## Problem details
Of the material below, only the lines from the line containing "Support Ron Paul" down to the line containing "vhbw Akku kompatibel" belong in the answer, written out exactly.

## Dataset records
====

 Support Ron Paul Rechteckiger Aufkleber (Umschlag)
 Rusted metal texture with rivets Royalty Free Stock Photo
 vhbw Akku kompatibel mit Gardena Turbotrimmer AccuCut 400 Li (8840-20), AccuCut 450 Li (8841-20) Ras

====

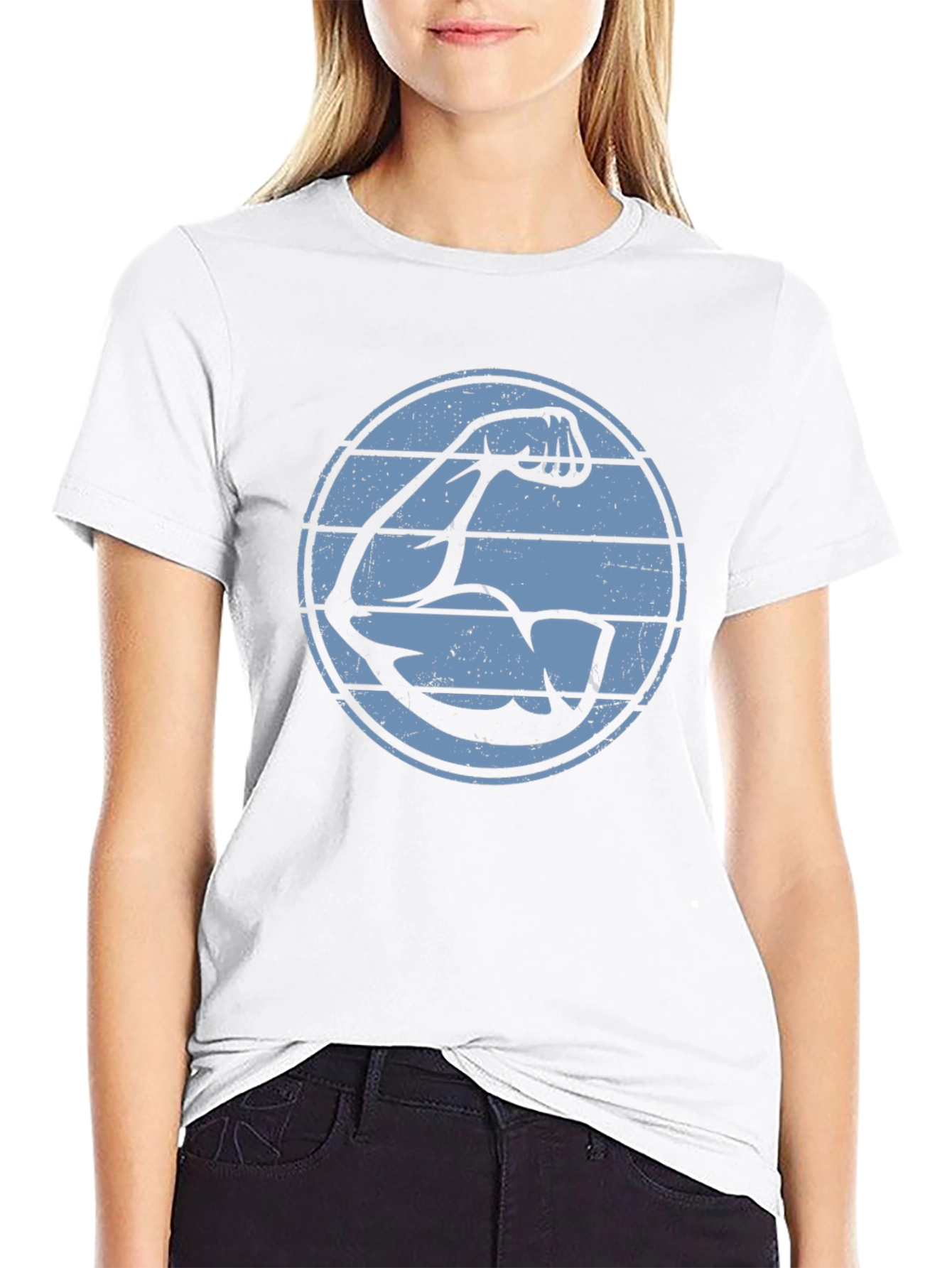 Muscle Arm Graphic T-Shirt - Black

====

## Answer to the problem
 Support Ron Paul Rechteckiger Aufkleber (Umschlag)
 Rusted metal texture with rivets Royalty Free Stock Photo
 vhbw Akku kompatibel mit Gardena Turbotrimmer AccuCut 400 Li (8840-20), AccuCut 450 Li (8841-20) Ras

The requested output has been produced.